WHAT IS BEING ASKED
Each record below is to be set down again precisely.

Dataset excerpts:
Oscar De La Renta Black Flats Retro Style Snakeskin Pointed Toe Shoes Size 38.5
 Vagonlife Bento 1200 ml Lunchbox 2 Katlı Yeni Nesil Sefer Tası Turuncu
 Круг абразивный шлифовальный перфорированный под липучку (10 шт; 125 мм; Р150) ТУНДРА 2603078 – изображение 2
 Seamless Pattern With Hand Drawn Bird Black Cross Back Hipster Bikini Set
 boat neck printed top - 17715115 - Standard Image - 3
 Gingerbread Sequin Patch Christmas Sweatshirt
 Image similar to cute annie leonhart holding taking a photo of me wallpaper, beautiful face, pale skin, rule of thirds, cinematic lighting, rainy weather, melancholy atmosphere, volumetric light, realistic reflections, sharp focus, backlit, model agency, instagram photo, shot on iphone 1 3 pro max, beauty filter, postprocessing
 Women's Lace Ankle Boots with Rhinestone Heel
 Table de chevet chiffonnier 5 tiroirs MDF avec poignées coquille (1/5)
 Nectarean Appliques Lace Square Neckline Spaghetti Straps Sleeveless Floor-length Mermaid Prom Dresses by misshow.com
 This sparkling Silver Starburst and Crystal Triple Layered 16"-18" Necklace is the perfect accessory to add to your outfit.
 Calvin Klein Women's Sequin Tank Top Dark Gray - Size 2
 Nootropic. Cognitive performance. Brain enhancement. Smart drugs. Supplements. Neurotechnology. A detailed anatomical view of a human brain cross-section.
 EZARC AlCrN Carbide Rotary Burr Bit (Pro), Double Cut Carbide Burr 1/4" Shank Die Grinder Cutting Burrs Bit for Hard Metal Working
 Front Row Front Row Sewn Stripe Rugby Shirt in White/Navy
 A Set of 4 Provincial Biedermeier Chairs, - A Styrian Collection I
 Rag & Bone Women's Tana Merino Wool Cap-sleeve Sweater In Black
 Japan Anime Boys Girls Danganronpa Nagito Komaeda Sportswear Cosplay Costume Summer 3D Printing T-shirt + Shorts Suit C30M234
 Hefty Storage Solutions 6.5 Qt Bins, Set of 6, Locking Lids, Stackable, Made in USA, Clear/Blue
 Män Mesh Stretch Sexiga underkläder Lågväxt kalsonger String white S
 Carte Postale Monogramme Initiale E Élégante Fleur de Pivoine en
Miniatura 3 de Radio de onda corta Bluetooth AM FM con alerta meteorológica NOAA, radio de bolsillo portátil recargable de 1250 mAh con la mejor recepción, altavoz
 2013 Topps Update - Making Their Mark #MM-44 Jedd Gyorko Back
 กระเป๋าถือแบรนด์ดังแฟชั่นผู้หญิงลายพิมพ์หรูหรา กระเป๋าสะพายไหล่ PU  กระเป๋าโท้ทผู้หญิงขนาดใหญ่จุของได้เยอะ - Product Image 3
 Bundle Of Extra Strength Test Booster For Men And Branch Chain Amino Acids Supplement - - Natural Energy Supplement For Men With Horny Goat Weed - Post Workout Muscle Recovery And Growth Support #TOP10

RESPONSE TO THE TASK
Oscar De La Renta Black Flats Retro Style Snakeskin Pointed Toe Shoes Size 38.5
 Vagonlife Bento 1200 ml Lunchbox 2 Katlı Yeni Nesil Sefer Tası Turuncu
 Круг абразивный шлифовальный перфорированный под липучку (10 шт; 125 мм; Р150) ТУНДРА 2603078 – изображение 2
 Seamless Pattern With Hand Drawn Bird Black Cross Back Hipster Bikini Set
 boat neck printed top - 17715115 - Standard Image - 3
 Gingerbread Sequin Patch Christmas Sweatshirt
 Image similar to cute annie leonhart holding taking a photo of me wallpaper, beautiful face, pale skin, rule of thirds, cinematic lighting, rainy weather, melancholy atmosphere, volumetric light, realistic reflections, sharp focus, backlit, model agency, instagram photo, shot on iphone 1 3 pro max, beauty filter, postprocessing
 Women's Lace Ankle Boots with Rhinestone Heel
 Table de chevet chiffonnier 5 tiroirs MDF avec poignées coquille (1/5)
 Nectarean Appliques Lace Square Neckline Spaghetti Straps Sleeveless Floor-length Mermaid Prom Dresses by misshow.com
 This sparkling Silver Starburst and Crystal Triple Layered 16"-18" Necklace is the perfect accessory to add to your outfit.
 Calvin Klein Women's Sequin Tank Top Dark Gray - Size 2
 Nootropic. Cognitive performance. Brain enhancement. Smart drugs. Supplements. Neurotechnology. A detailed anatomical view of a human brain cross-section.
 EZARC AlCrN Carbide Rotary Burr Bit (Pro), Double Cut Carbide Burr 1/4" Shank Die Grinder Cutting Burrs Bit for Hard Metal Working
 Front Row Front Row Sewn Stripe Rugby Shirt in White/Navy
 A Set of 4 Provincial Biedermeier Chairs, - A Styrian Collection I
 Rag & Bone Women's Tana Merino Wool Cap-sleeve Sweater In Black
 Japan Anime Boys Girls Danganronpa Nagito Komaeda Sportswear Cosplay Costume Summer 3D Printing T-shirt + Shorts Suit C30M234
 Hefty Storage Solutions 6.5 Qt Bins, Set of 6, Locking Lids, Stackable, Made in USA, Clear/Blue
 Män Mesh Stretch Sexiga underkläder Lågväxt kalsonger String white S
 Carte Postale Monogramme Initiale E Élégante Fleur de Pivoine en
Miniatura 3 de Radio de onda corta Bluetooth AM FM con alerta meteorológica NOAA, radio de bolsillo portátil recargable de 1250 mAh con la mejor recepción, altavoz
 2013 Topps Update - Making Their Mark #MM-44 Jedd Gyorko Back
 กระเป๋าถือแบรนด์ดังแฟชั่นผู้หญิงลายพิมพ์หรูหรา กระเป๋าสะพายไหล่ PU  กระเป๋าโท้ทผู้หญิงขนาดใหญ่จุของได้เยอะ - Product Image 3
 Bundle Of Extra Strength Test Booster For Men And Branch Chain Amino Acids Supplement - - Natural Energy Supplement For Men With Horny Goat Weed - Post Workout Muscle Recovery And Growth Support #TOP10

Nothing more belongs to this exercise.